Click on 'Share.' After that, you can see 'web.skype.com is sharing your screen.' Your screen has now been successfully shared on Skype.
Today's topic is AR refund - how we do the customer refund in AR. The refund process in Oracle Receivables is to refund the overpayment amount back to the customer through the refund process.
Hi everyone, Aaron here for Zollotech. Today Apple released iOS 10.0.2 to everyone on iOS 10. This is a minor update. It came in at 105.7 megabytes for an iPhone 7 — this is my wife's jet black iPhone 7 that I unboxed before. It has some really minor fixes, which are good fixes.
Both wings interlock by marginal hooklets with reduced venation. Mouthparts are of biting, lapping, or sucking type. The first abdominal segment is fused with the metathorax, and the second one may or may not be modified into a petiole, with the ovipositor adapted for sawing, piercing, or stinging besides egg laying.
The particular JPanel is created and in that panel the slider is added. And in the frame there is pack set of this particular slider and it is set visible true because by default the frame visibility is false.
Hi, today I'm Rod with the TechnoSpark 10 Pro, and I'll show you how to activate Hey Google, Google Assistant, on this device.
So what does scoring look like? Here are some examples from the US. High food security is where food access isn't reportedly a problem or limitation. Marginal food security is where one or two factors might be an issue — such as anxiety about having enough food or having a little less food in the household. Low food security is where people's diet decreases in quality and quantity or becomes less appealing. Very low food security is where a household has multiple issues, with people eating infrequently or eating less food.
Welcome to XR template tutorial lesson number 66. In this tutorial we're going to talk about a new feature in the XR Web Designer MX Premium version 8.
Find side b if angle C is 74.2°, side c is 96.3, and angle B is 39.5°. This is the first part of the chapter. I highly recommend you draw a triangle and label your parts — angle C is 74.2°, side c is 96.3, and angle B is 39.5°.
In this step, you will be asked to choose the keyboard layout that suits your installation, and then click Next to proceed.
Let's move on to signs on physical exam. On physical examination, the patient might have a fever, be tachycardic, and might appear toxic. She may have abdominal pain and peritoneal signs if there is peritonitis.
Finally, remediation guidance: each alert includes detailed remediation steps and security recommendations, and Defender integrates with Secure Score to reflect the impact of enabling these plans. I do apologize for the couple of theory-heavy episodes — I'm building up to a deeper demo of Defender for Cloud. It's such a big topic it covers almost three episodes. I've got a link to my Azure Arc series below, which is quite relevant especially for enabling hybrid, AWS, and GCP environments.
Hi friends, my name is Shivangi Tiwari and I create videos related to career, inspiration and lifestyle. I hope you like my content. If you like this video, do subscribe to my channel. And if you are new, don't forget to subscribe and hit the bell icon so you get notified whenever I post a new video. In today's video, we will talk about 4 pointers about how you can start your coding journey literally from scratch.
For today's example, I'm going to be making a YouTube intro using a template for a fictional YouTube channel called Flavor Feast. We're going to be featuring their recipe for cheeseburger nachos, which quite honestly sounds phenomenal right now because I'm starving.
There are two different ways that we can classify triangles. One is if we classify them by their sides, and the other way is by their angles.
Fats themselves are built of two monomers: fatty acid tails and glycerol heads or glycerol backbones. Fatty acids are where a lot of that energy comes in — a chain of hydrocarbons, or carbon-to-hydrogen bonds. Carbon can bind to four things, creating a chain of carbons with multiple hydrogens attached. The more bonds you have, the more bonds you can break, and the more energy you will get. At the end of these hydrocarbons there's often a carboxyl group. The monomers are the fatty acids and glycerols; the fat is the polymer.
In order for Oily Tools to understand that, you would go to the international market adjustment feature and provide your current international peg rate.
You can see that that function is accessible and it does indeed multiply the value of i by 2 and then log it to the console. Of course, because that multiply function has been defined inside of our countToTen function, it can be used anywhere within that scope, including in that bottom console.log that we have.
##########
From the line containing "Today's topic is" down to the line containing "Find side b" in the material above, reproduce every line exactly, including the two end lines.

§ **Task result**:
Today's topic is AR refund - how we do the customer refund in AR. The refund process in Oracle Receivables is to refund the overpayment amount back to the customer through the refund process.
Hi everyone, Aaron here for Zollotech. Today Apple released iOS 10.0.2 to everyone on iOS 10. This is a minor update. It came in at 105.7 megabytes for an iPhone 7 — this is my wife's jet black iPhone 7 that I unboxed before. It has some really minor fixes, which are good fixes.
Both wings interlock by marginal hooklets with reduced venation. Mouthparts are of biting, lapping, or sucking type. The first abdominal segment is fused with the metathorax, and the second one may or may not be modified into a petiole, with the ovipositor adapted for sawing, piercing, or stinging besides egg laying.
The particular JPanel is created and in that panel the slider is added. And in the frame there is pack set of this particular slider and it is set visible true because by default the frame visibility is false.
Hi, today I'm Rod with the TechnoSpark 10 Pro, and I'll show you how to activate Hey Google, Google Assistant, on this device.
So what does scoring look like? Here are some examples from the US. High food security is where food access isn't reportedly a problem or limitation. Marginal food security is where one or two factors might be an issue — such as anxiety about having enough food or having a little less food in the household. Low food security is where people's diet decreases in quality and quantity or becomes less appealing. Very low food security is where a household has multiple issues, with people eating infrequently or eating less food.
Welcome to XR template tutorial lesson number 66. In this tutorial we're going to talk about a new feature in the XR Web Designer MX Premium version 8.
Find side b if angle C is 74.2°, side c is 96.3, and angle B is 39.5°. This is the first part of the chapter. I highly recommend you draw a triangle and label your parts — angle C is 74.2°, side c is 96.3, and angle B is 39.5°.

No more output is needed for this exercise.